Financial (R)aid: Donors back college budget cuts, offer private assistance

College2.jpgFor the country's public colleges, what one hand giveth, the other taketh away.

Let's start with the taketh: This year, at least 20 states slashed their budgets for higher education -- in at least five states, cutting college spending by 20% or more, by far the highest in history.

Even in states where cuts weren't so severe, they were still deep. In North Carolina, the new Republican-led legislature mandated across-the-board cuts totaling $414 million for the state university system, or more than 15%. That was enough to cost NC schools 3,000 positions.

The mass higher-ed budget slashing has forced public colleges to scramble for private funds to make up the difference. And who are the philanthropists stepping in to fill the holes? Generously enough, in some cases it's been the same GOP donors who funded candidates and advocacy groups pushing cuts to higher ed.

Consider Art Pope, the North Carolina retail magnate who is the top funder of right-wing groups and pro-GOP election spending in the state. One of Pope's organizations is the John W. Pope Center for Higher Education Policy, which -- according to a Facing South analysis of tax records -- Pope's family foundation has given more the $2.7 million between 2004 and 2010, about 90% of its budget.

Earlier this spring, the Pope Center published a report advocating more than $530 million in cuts to the UNC system. North Carolina lawmakers -- many of whom benefited from the generosity of Pope's family and Pope-backed advocacy groups -- got on board, passing the big cuts and overriding Democratic Gov. Beverly Perdue's veto.

Amidst the carnage, Pope and his groups now want to help. Last week, the Independent Weekly reported that the Pope Center for Higher Education Policy was offering $2,000 to reinstate one session of a popular "Elements of Politics" class taught by Larry Goldberg and UNC-Chapel Hill.

When alumni learned Goldberg's class -- which emphasizes classic philosophy -- was on the chopping block, they launched a website to advocate for it. The Pope Center got involved, saying it would take $7,500 to make sure all of Goldberg's classes were preserved, and offering to contribute $2,000.

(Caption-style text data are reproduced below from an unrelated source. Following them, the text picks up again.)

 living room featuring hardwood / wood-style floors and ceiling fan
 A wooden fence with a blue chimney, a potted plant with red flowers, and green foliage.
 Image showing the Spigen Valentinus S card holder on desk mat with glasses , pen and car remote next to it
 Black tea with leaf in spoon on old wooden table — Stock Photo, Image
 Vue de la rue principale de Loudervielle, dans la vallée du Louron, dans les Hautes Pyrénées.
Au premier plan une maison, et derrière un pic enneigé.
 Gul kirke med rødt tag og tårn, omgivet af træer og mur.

The Indy also reports that the Pope Center director is considering using its $5,000 speaker series budget to rescue other endangered classes.

That's not the only N.C. institution of higher education Pope is pledging to support. Last month, the Indy Weekly also confirmed rumors that Pope's foundation was offering $600,000 to N.C. Central University, a historically black college, for a new constitutional law center.

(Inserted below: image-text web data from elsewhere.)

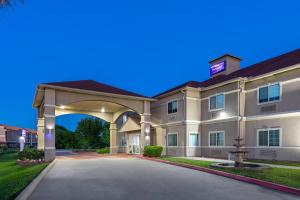 a large building with an arch in a driveway at Baymont by Wyndham Texas City in Texas City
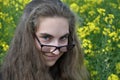 Young woman ihe looks mischievously over her glasses Royalty Free Stock Photo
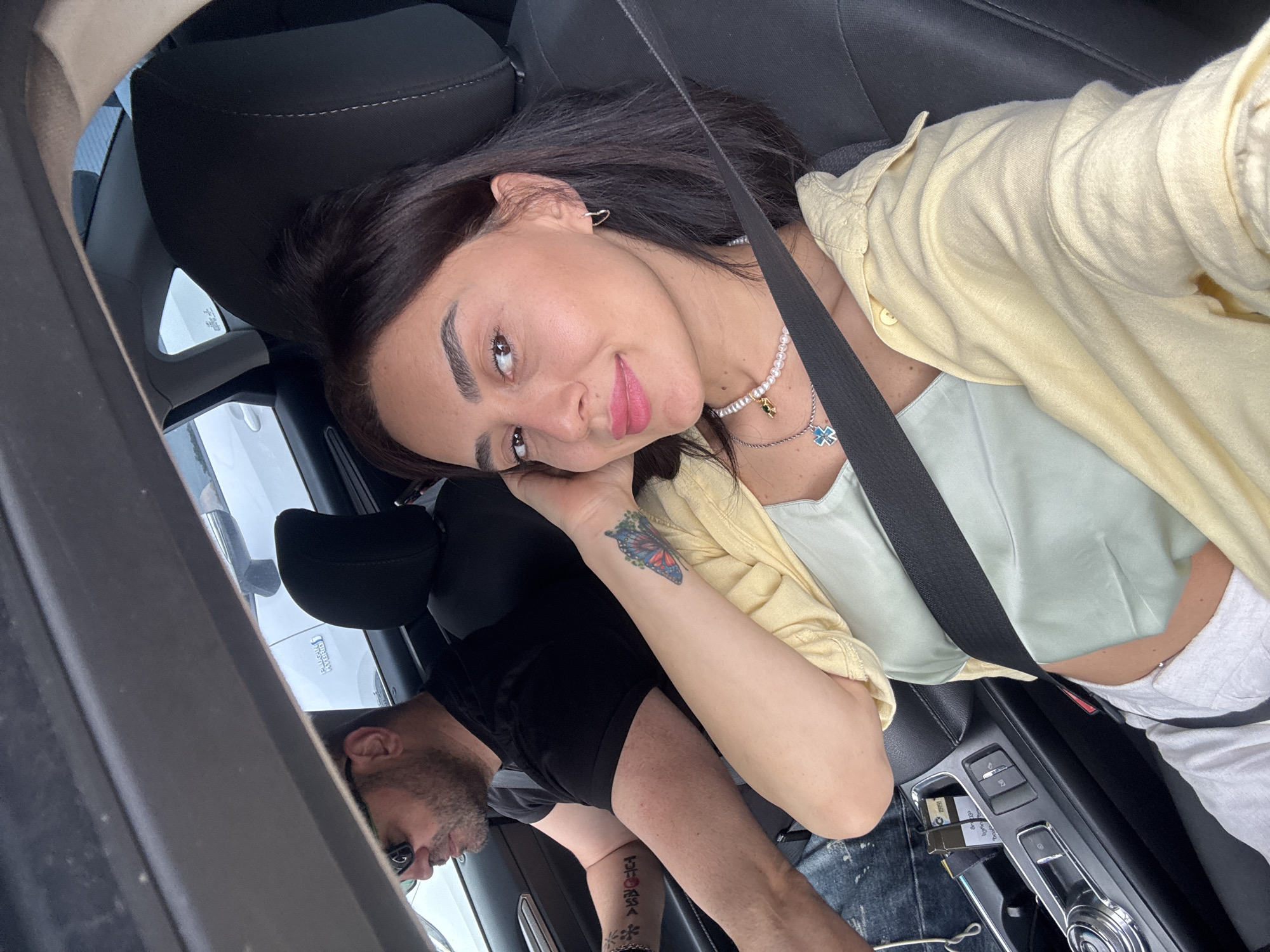 In a car, a woman with dark hair and a pale yellow open-front shirt over a light green camisole poses for a selfie. She wears a pearl necklace with a blue cross pendant and hoop earrings. Her left arm, with a butterfly tattoo, rests on her armrest. A man in sunglasses and a black t-shirt drives in the background. The car interior shows a black seat, a central console with a gear shift, and a glimpse of the exterior through the windows. The scene appears to be captured while stopped, possibly in a parking lot or traffic, given the lack of motion blur and the static nature of the background vehicles visible. The image is a close-up selfie taken from the front passenger seat. The setting is not discernable as being in Tbilisi, Georgia.
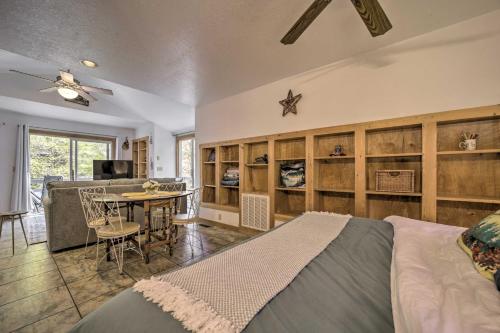a bedroom with a bed and a table and a kitchen at Sky Loft Bryson Studio 1 Mi From Fontana Lake! in Bryson City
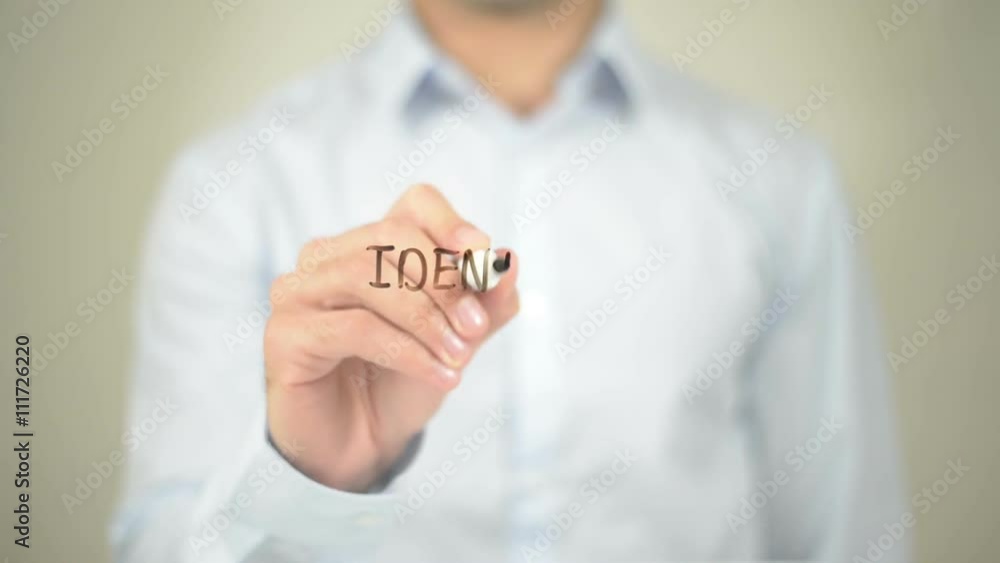 Identity , Man writing on transparent screen Identity , Man writing on transparent screen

The prospect must be enticing for N.C. Central: Before this summer's big cuts, the school was already struggling after a series of expensive upgrades to its facilities. As a result, the school is more than $88 million in debt, causing Moody's to downgrade its credit rating.

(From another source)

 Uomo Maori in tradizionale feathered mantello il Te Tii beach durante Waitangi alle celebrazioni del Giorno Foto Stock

But what kind of strings would be attached? The proposal reportedly involved moving the N.C. Institute for Constitutional Law -- currently a stand-alone nonprofit -- over to Central.

The Institute, run by libertarian-leaning former justice Bob Orr, has received more than 80% of its money from Pope's foundation since launching in 2004, according to a Facing South analysis. In Pope's proposal, Orr would lead the new N.C. Central center as well.

The history of such privatized funding arrangements isn't encouraging for academic freedom. Earlier this year, Florida newspapers exposed the terms between Charles Koch -- the energy billionaire that works closely with Pope -- and Florida State University, where Koch pledged $1.5 million for the economics department.

Koch insisted on appointing an advisory committee that would vet potential hires, and threatened to pull funding if the hired faculty didn't meet Koch's free-market "objectives" in annual reviews. Koch rejected 60% of the faculty's suggestions during the first round of hires in 2009. Koch demanded similar stipulations for "gifts" to colleges in New York, Rhode Island, Utah and West Virginia.

But in a time of devastating cuts, it's tough for college officials to demand better.